Originally built in 1907, the field honors Samuel T. Alexander and the support of both Alexander & Baldwin, Inc. and The Atherton Family Foundation. For several decades, the original field was considered to be the best all-around school athletic field in Honolulu. In 1931, the Interscholastic League ruled that the track would no longer be used for interscholastic meets because of its awkward length and poor positioning of the sprint lanes, and a new track was planned.

In 1983, as part of the massive Physical Education and Athletics Complex renovation, the field was fitted with subterranean drainage, leveled and planted with new grass. New stands were built in the hillside out of cement, lava rock and grass, and the previously dirt track receievd a new all-weather Mondo surface. The track was resurfaced in 1998, and again in 2010, with the latest Mondo surface.
Samuel T. Alexander
Samuel Alexander was born in 1836 in what is now Hanalei, on the northern coast of Kaua'i. Among other schools, he attended Punahou various times between 1841 and 1859. In 1863, Alexander became manager of the Waihe'e sugar plantation near Wailuku, Maui.
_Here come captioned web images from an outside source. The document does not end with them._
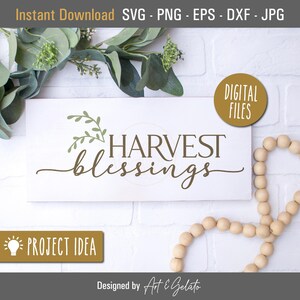 May include: A white wooden sign with the text "HARVEST blessings" in brown lettering. Green leafy sprigs are above the text. The sign is on a white brick background with a wooden bead garland.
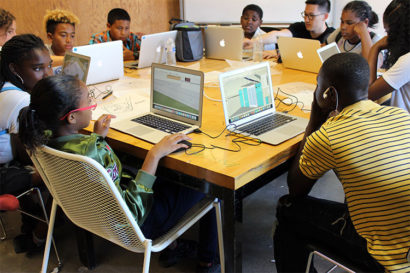 students at their laptops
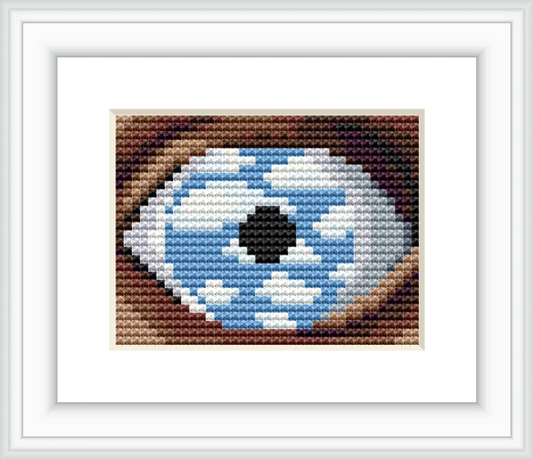 The image features a large eye in a close-up view, with the iris filled with a sky scene of blue and white clouds. The eye is set against a neutral colored background.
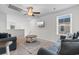 Living room features a ceiling fan, window with blinds and a comfortable seating area at 1560 Swing Bridge Way, Myrtle Beach, SC 29588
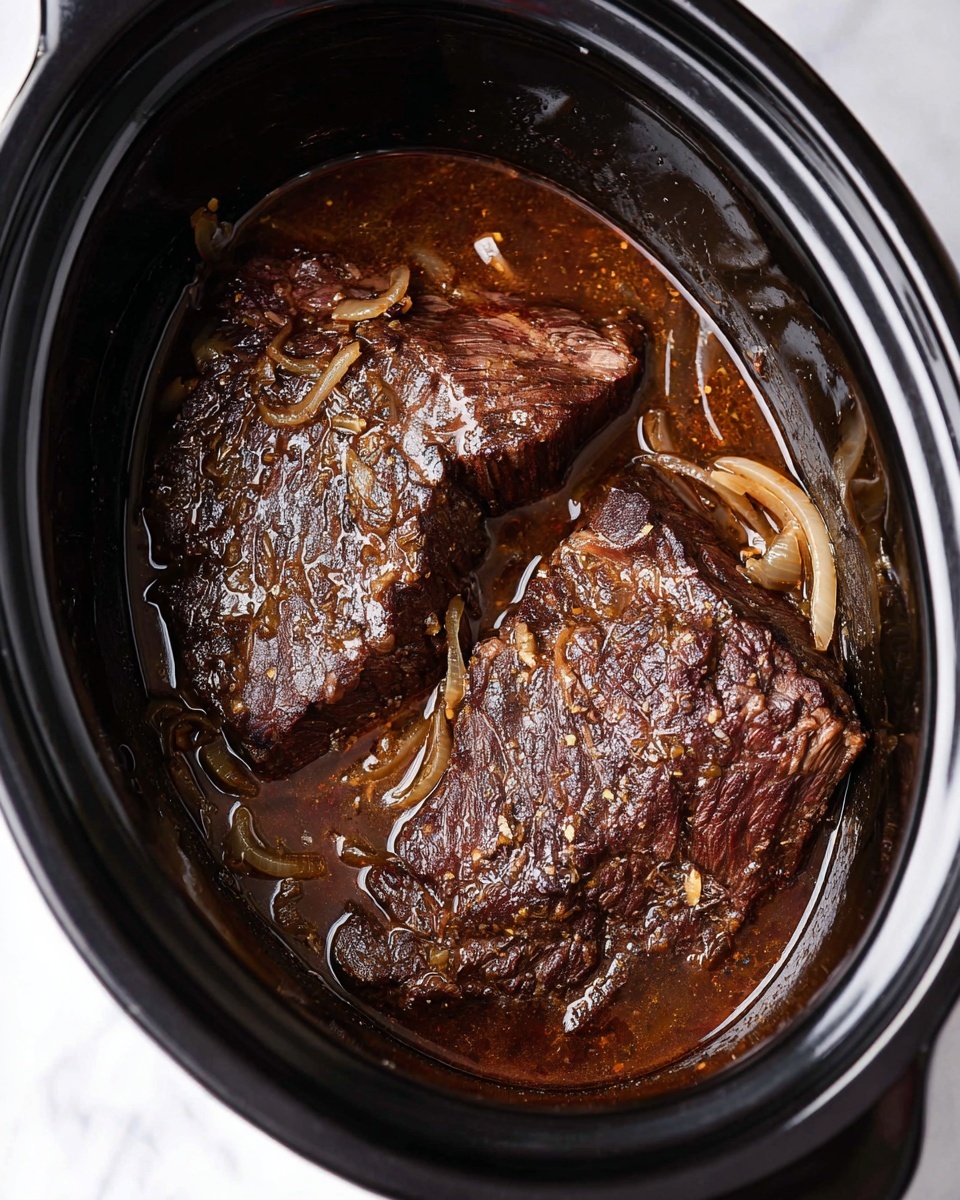The image shows two large pieces of dark brown cooked meat with a seared, slightly crispy texture on the edges, sitting in a pool of rich, glossy brown sauce mixed with thinly sliced cooked onions. The meat and sauce are inside a black oval slow cooker with a shiny surface, placed on a white marbled background. The glossy sauce has a few small visible bits of seasoning, and the onions look soft and translucent, resting mostly on top and around the meat. The slow cooker is open and filled mostly with the meat and sauce, taking up most of the space inside. Photo taken with an iphone --ar 4:5 --v 7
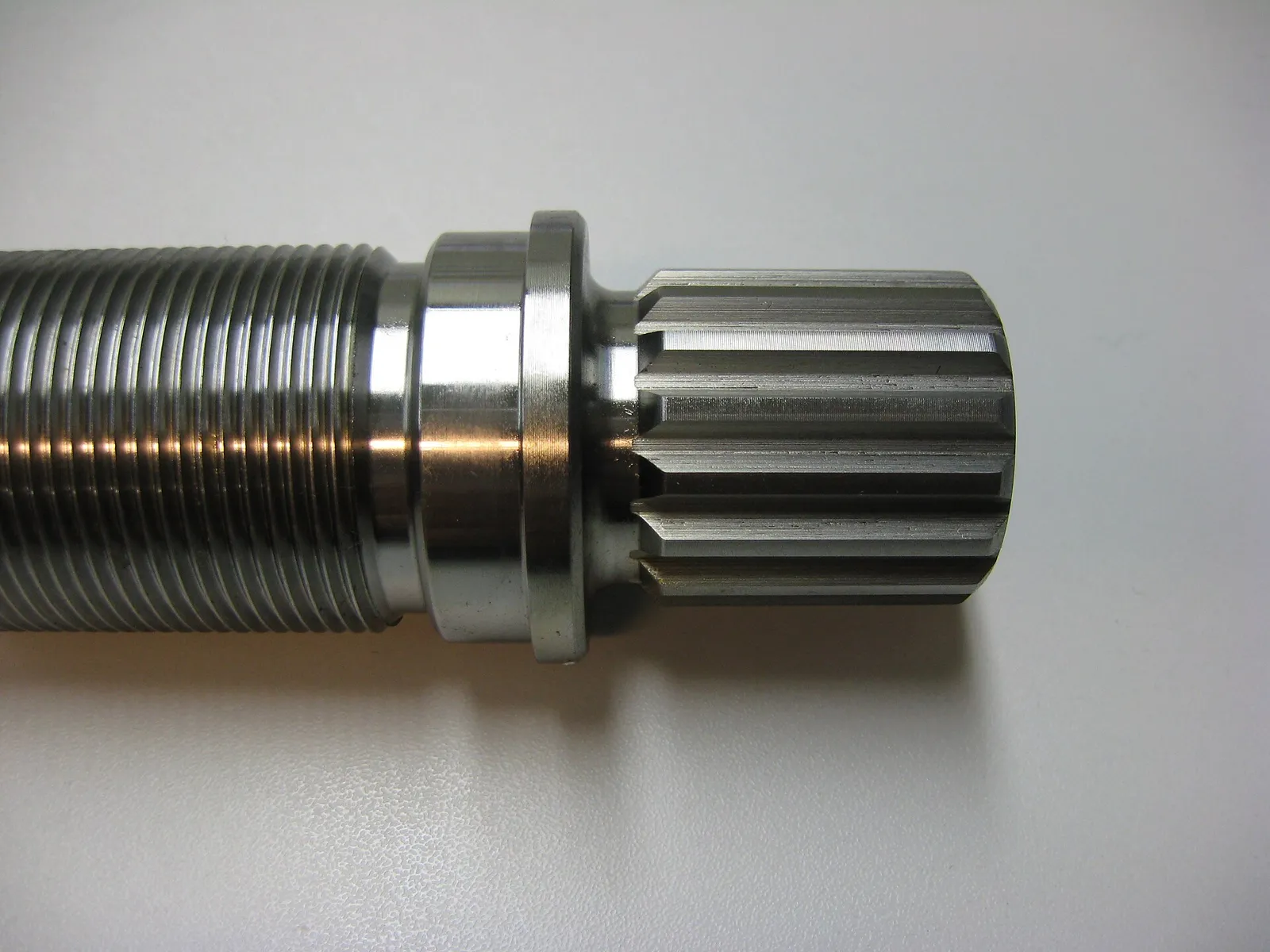 Machined steel shaft end with a keyway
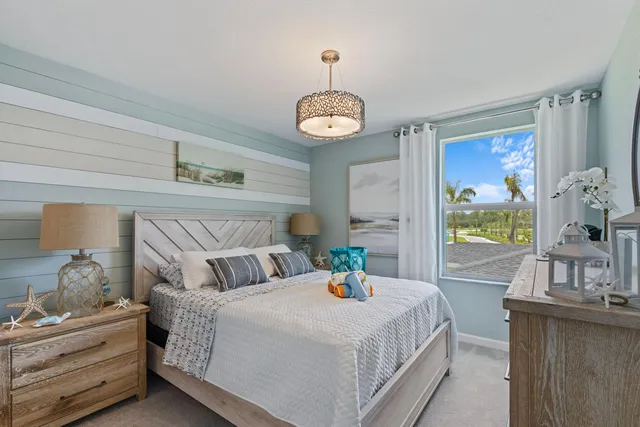 a bedroom with bed and wooden floor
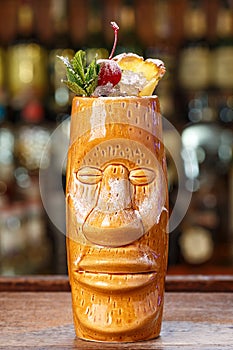 Mai tai cocktail in tiki glass close up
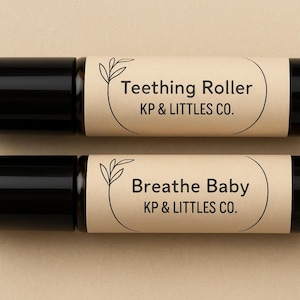 Puede incluir: Dos botellas de rodillo negras con etiquetas color canela. La botella superior dice "Teething Roller" y la inferior "Breathe Baby". Ambas etiquetas incluyen el texto "KP & LITTLES CO." y un diseño de hojas.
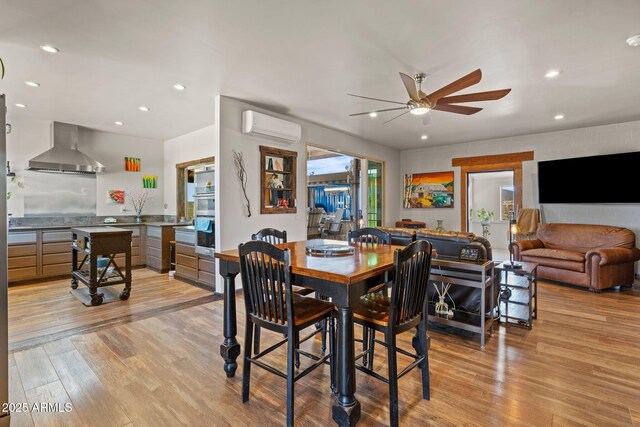 10975 E Janet Way, Dewey, AZ 86327 - dining room with recessed lighting, a wall mounted air conditioner, light wood-style flooring, and a ceiling fan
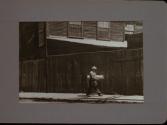 People Walking Against Building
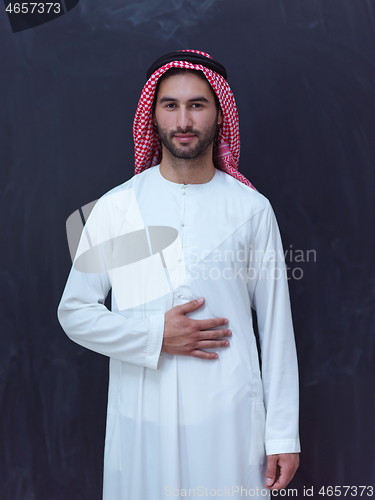 Image of portrait of arabian man in front of black chalkboard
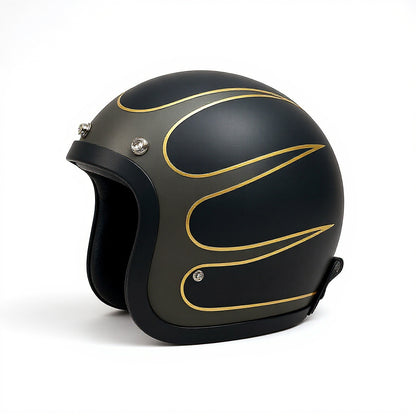 Black motorcycle helmet with gold designs on a white background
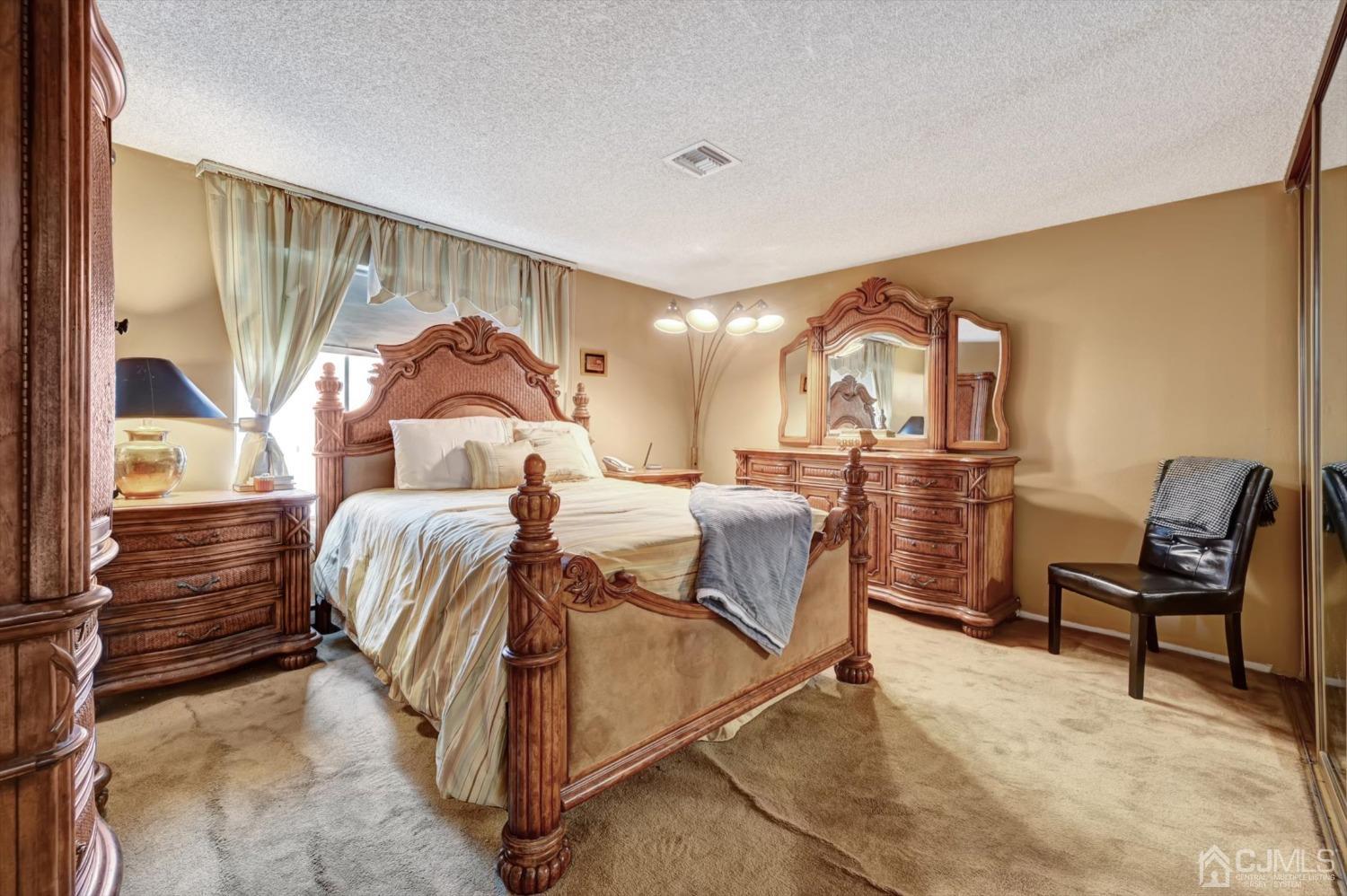 B Haddon Road Monroe Township, NJ 08831 - Photo 14 of 34 a bed room with a bed and a chair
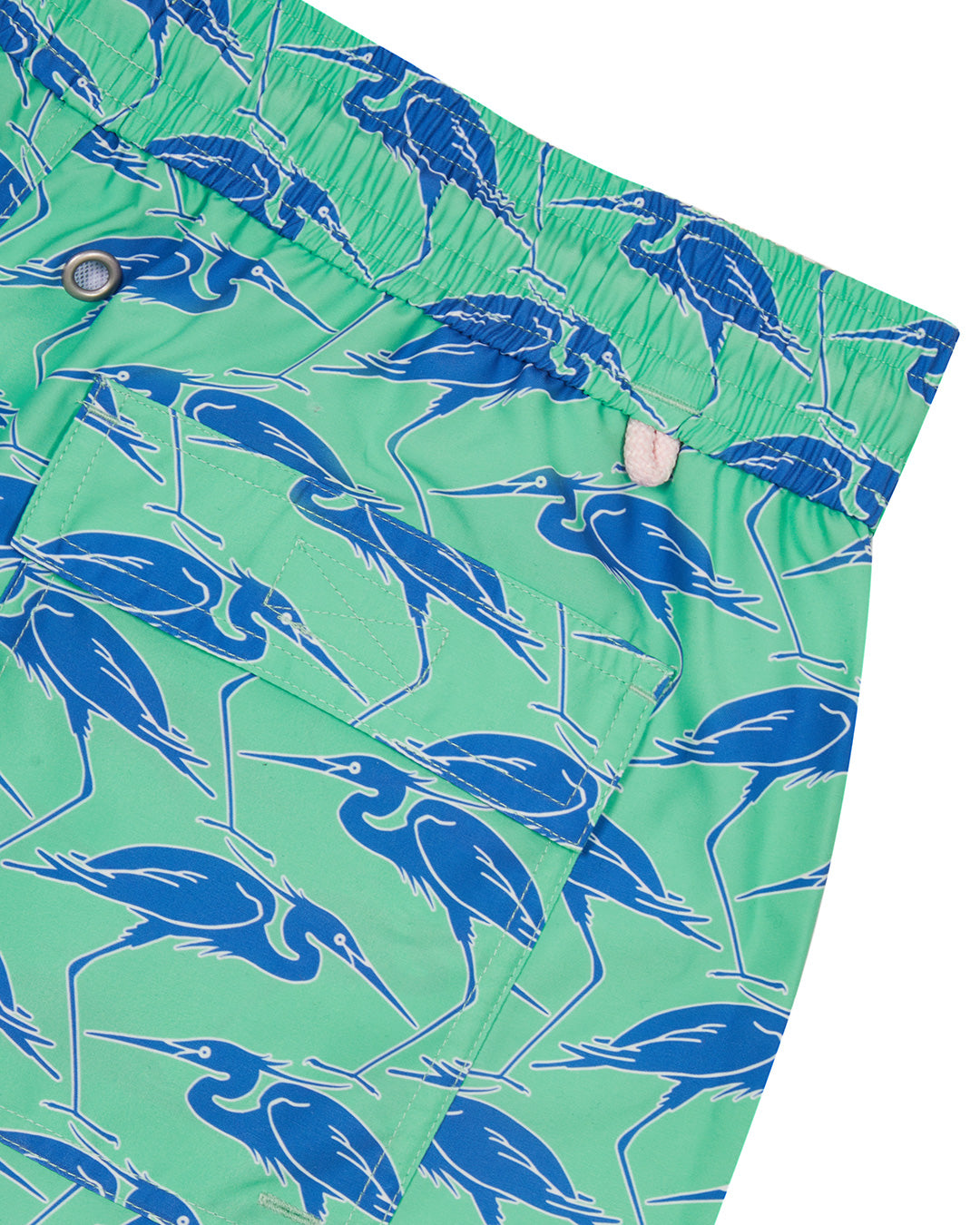 Pocket detail of sustainable Mens swim shorts in green & blue Egret bird print by Lotty B Mustique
Co-founder of Alexander & Baldwin, Inc., which became oen of the "Big Five" corporations to dominate the economy of the Territory of Hawai'i, he and partner Henry Baldwin became agents for nearly a dozen plantations.

Alexander, his eight siblings, his wife Martha Eliza Cooke, and their four children all attended Punahou. His brother William DeWitt Alexander was also a teacher and Trustee of Punahou.